[Dataset excerpts]
□ □ □ □

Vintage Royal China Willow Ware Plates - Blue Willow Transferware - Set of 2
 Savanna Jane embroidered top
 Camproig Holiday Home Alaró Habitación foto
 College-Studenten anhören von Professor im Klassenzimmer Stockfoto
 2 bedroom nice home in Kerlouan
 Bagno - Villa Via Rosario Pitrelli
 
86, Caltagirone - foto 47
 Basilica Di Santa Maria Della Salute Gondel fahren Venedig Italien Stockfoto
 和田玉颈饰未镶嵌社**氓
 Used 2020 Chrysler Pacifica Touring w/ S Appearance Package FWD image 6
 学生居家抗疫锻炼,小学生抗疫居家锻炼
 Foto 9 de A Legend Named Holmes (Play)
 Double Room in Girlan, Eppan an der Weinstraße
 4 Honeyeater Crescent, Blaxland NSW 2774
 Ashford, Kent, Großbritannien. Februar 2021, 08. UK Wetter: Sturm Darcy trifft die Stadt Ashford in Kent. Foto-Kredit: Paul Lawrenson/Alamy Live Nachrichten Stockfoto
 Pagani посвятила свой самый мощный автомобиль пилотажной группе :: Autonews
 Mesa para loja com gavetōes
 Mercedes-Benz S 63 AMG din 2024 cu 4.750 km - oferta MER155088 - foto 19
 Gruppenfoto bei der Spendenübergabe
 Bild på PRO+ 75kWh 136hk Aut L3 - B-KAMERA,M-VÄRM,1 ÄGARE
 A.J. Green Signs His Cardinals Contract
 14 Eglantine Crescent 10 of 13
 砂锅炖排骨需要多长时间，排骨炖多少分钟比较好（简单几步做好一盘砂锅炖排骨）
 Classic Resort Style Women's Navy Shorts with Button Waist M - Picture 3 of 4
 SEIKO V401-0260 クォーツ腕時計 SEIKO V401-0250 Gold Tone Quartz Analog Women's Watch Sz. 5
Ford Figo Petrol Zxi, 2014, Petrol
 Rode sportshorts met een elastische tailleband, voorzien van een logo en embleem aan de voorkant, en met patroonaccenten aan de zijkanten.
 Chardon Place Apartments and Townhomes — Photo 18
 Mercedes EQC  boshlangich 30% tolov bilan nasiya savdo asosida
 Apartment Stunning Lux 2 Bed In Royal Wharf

□ □ □ □

• **Activity**:
Print exactly, and only, the lines from the line that contains "Chardon Place Apartments" through the last line of the records.

• **Output of the exercise**:
 Chardon Place Apartments and Townhomes — Photo 18
 Mercedes EQC  boshlangich 30% tolov bilan nasiya savdo asosida
 Apartment Stunning Lux 2 Bed In Royal Wharf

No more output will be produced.